Earlier this year my colleague encountered two small boxes of 5 ¼ inch floppy disks buried within the Marks and Gran archive in the strongrooms of the Borthwick Institute. He had been performing an audit of audio visual material in our care and came across these in an unlisted archive.

This was exciting to me as I had not worked with this media before. As a digital archivist I had often encountered 3 ½ inch floppies but not their larger (and floppier) precursors. The story and detective work that follows, took us firmly into the realm of ‘digital archaeology’.

Digital archaeology: 
The process of reclaiming digital information that has been damaged or become unusable due to technological obsolescence of formats and/or media” (definition from Glossaurus)

Marks and Gran were a writing duo who wrote the scripts of many TV sitcoms from the late 1970's on-wards. ‘Birds of a Feather’ was the one that I remember watching myself in the 80’s and 90's but their credits include many others such as ‘Goodnight Sweetheart’ and ‘The New Statesman’. Their archive had been entrusted to us and was awaiting cataloguing.

Clues on the labels

There were some clues on the physical disks themselves about what they might contain. All the disks were labelled and many of the labels referred to the TV shows they had written, sometimes with other information such as an episode or series number. Some disks had dates written on them (1986 and 1987). One disk was intriguingly labelled 'IDEAS'. WordStar was also mentioned on several labels 'WordStar 2000' and 'Copy of Master WordStar disk'. WordStar was a popular and quite pioneering word processing package of the early 80’s.

However, clues on labels must always be taken with a pinch of salt. I remember being guilty of not keeping the labels on floppy disks up to date, of replacing or deleting files and not recording the fact. The information on these labels will be stored in some form in the digital archive but the files may have a different story to tell.

Reading the disks

The first challenge was to see if the data could be rescued from the obsolete media they were on. A fortuitous set of circumstances led me to a nice chap in IT who is somewhat of an enthusiast in this area.
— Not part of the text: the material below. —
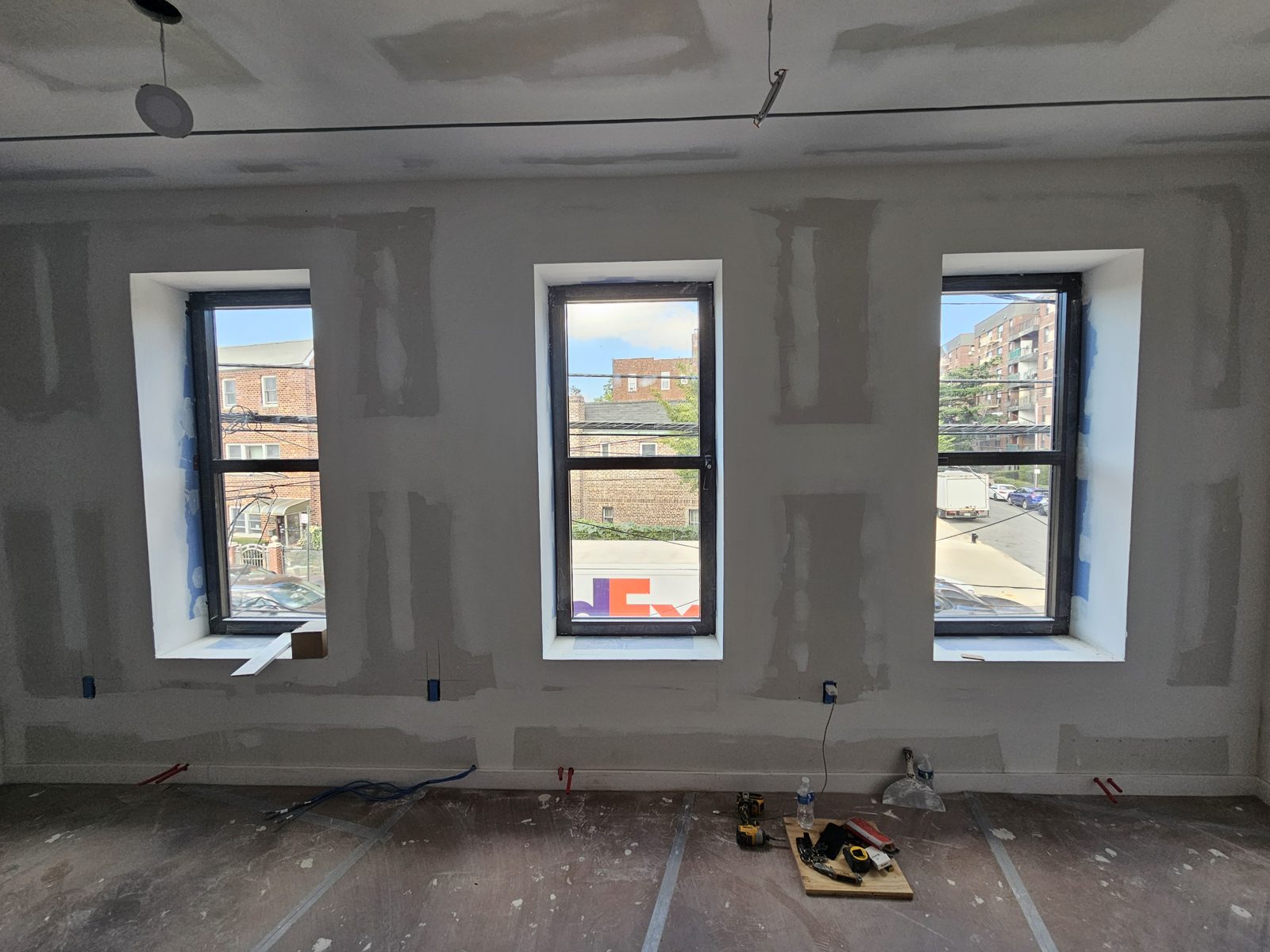 Three front Cortizo tilt-and-turn windows with a horizontal bar to match a double-hung look, Gravesend Brooklyn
I was really pleased to learn that he had a working 5 ¼ inch drive on one of his old PCs at home. He very kindly agreed to have a go at copying the data off the disks for me and did so with very few problems. Data from 18 of the 19 disks was recovered. The only one of the disks that was no longer readable appeared from the label to be a backup disk of some accounting software - this is a level of loss I am happy to accept.

Looking at file names

Looking at the files that were recovered is like stepping back in time. Many of us remember the days when file names looked like this - capital letters, very short, rather cryptic, missing file extensions. WordStar like many of the software packages from this era, was not a stickler for enforcing use of file extensions! File extensions were also not always used correctly to define the file type but sometimes were used to hold additional information about the file.
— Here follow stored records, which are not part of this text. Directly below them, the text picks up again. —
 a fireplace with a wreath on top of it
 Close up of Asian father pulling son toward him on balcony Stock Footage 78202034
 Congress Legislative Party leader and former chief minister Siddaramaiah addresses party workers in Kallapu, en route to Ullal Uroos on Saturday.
Looking back at files from 30 years ago really does present a challenge. Modern operating systems allow long and descriptive file names to be created. When used well, file names often provide an invaluable source of metadata about the file. 30 years ago computer users had only 8 characters at their disposal. Creating file names that were both unique and descriptive was difficult. The file names in this collection do not always give many clues as to what is contained within them.

Missing clues

For a digital archivist, the file extension of a file is a really valuable piece of information. It gives us an idea of what software the file might have been created in and from this we can start to look for a suitable tool that we could use to work with these files. In a similar way a lack of file extension confuses modern operating systems. Double click on a file and Windows 7 has no idea what it is and what software to fire up to open it. File characterisation tools such as Droid used on a day to day basis by digital archivists also rely heavily on file extensions to help identify the file type. Running Droid on this collection (not surprisingly) produced lots of blank rows and inaccurate results*.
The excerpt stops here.